**EXERCISE DESCRIPTION**
For each entry below, write an exact copy and leave out the images.
[Opening ENTRIES SHOWN section]
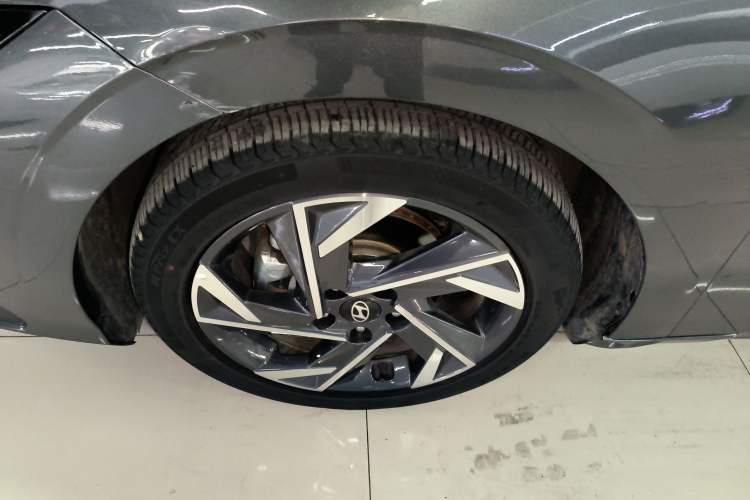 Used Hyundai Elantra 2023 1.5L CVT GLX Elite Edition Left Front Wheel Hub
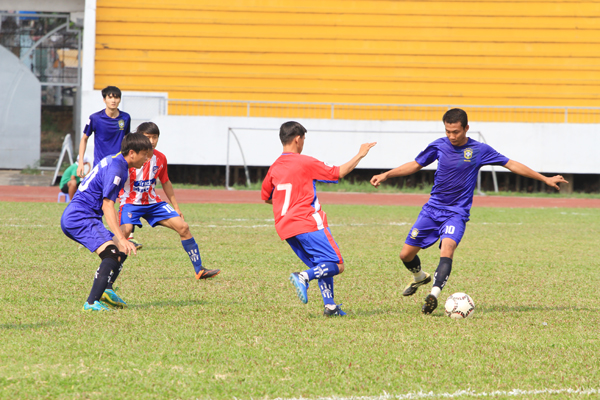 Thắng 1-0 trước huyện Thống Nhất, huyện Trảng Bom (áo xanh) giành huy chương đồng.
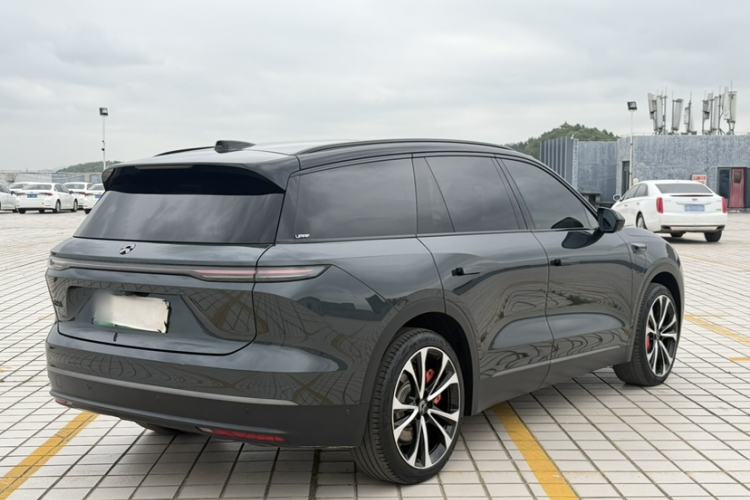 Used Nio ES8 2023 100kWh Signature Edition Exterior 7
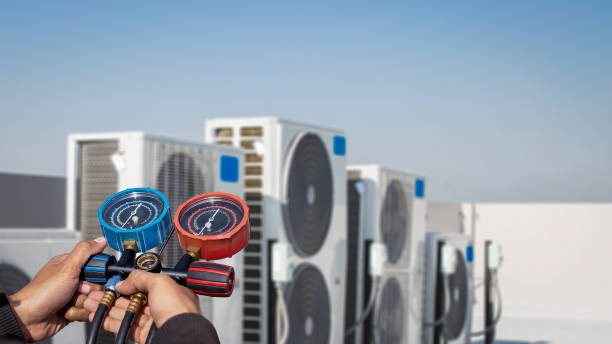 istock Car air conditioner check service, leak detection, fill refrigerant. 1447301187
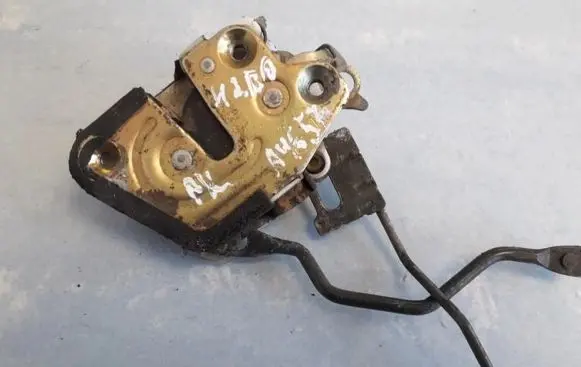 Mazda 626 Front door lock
[Closing ENTRIES SHOWN section]
**RESULT FOR THIS TASK**
 Used Hyundai Elantra 2023 1.5L CVT GLX Elite Edition Left Front Wheel Hub
 Thắng 1-0 trước huyện Thống Nhất, huyện Trảng Bom (áo xanh) giành huy chương đồng.
 Used Nio ES8 2023 100kWh Signature Edition Exterior 7
 istock Car air conditioner check service, leak detection, fill refrigerant. 1447301187
 Mazda 626 Front door lock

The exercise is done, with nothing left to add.